I really don't buy the argument about ski instructors not being able to make a decent wage, on the back of SB winning his case (if he should). The implications are that qualifications will be recognized in the future in France, the same as they are throughout the rest of Europe and the world.

Remuneration is in the control of the instructors accepting or not a contract for work. If the wages are not enough, why would anyone take the job? If a business cannot find employees on a sub-standard remunerative package then they won't be in business -you need instructors to have an instructing business!

Having read through some of the comments on FB I've noticed a long time employee of SB stating that they are quite happy with their earning capability. If it were an issue do you really think that those employees would be back season after season?

A drop in earnings is a smoke screen, it is plain and simple scare-mongering.

And what's the deal about your claim that lower level qualification holders are not professionally qualified, that's just saying that BASI qualifications are not professional qualifications, where do you get off on making such a claim? I'm pretty certain that the BASI and it's members do consider their qualifications as professional, as do many employers in many countries around the world.

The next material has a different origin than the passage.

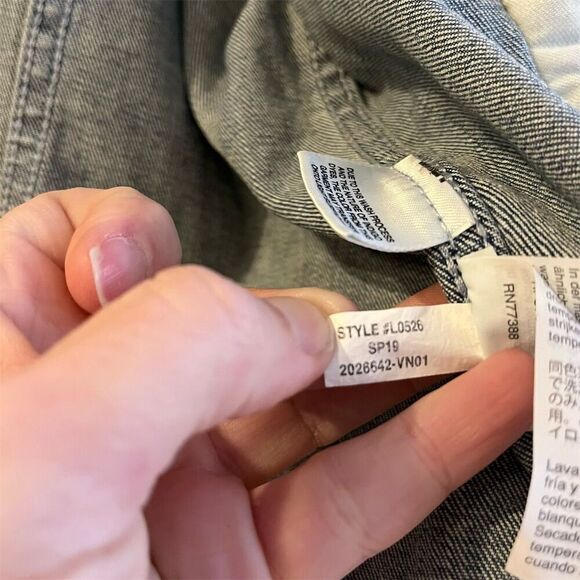 J.Crew Mercantile Women's 3XL Blue Denim Jacket Classic Fit Casual Valentine’s - Picture 8 of 9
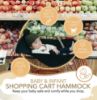 Picture of Binxy Baby Shopping Cart Hammock - Infant Seat for Grocery Carts - Holds Car Seats Securely - Compatible with Select 4-Seater Wagons (20-24 Wide) - Supports Up to 50 lbs - Black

Highly trained, is a point that can be conceded: Sure there are various levels of qualification available within the BASI system, and those attaining the highest level of qualification are indeed more highly trained, but to suggest that levels below are not worthy of the consideration of being professionally qualified is most certainly to suggest that a BASI qualification is worthless without it being an ISTD.

What would you say to all of the nations who currently hold BASI lower level qualifications in high esteem? Do you laugh at them and make jibes behind their backs? Are they fools to you? If not, why?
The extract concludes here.